Enthaltung bei Abstimmung sorgte für den großen Knall

Rückblick: Im Planungsausschuss am 22. Oktober 2020 steht das Votum über die Anschaffung eines Mäh-Roboters für den Rasenplatz auf der Sportanlage am Soltausredder an. Einen entsprechenden Antrag hatten CDU und Grüne gestellt. Böckmann enthält sich, das Vorhaben scheitert. Das wäre auch der Fall gewesen, wenn er zugestimmt hätte. Es kommt zum großen Knall. Henri Schmidt, Fraktionsvorsitzender der CDU, sieht in dem Verhalten einen Verstoß gegen die Fraktionsdisziplin und initiiert eine Umbesetzung im Planungsausschuss, informiert Böckmann darüber per E-Mail.

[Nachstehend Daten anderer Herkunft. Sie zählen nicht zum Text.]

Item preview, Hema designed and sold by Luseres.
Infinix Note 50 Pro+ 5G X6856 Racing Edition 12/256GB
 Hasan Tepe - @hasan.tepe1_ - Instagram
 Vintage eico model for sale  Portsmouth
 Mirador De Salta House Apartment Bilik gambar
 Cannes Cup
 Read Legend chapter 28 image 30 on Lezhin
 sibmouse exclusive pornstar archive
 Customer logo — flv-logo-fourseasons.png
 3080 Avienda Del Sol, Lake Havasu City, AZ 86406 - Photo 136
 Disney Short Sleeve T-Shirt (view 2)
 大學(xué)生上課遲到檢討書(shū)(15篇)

Hermann Hanser, SPD-Fraktionsvorsitzender, sagt: „Wenn Herr Böckmann Interesse an einer Mitarbeit hat, würde ich meiner Partei vorschlagen, ihn einzuladen.“
Hermann Hanser, SPD-Fraktionsvorsitzender, sagt: „Wenn Herr Böckmann Interesse an einer Mitarbeit hat, würde ich meiner Partei vorschlagen, ihn einzuladen.“ © Unbekannt | privat

Der gibt an, seinem Gewissen gefolgt zu sein. Durch einen Mäh-Roboter sind seiner Ansicht nach Kinder und Tiere gefährdet. Böckmann akzeptiert den Rausschmiss nicht, schreibt erst an den Kreisvorsitzenden Tobias Koch und später an den CDU-Landeschef Daniel Günther. Beide fühlen sich nicht zuständig. Dann schaltet er die Kommunalaufsicht ein. Die hat an dem Prozess der sogenannten Abberufung nichts auszusetzen.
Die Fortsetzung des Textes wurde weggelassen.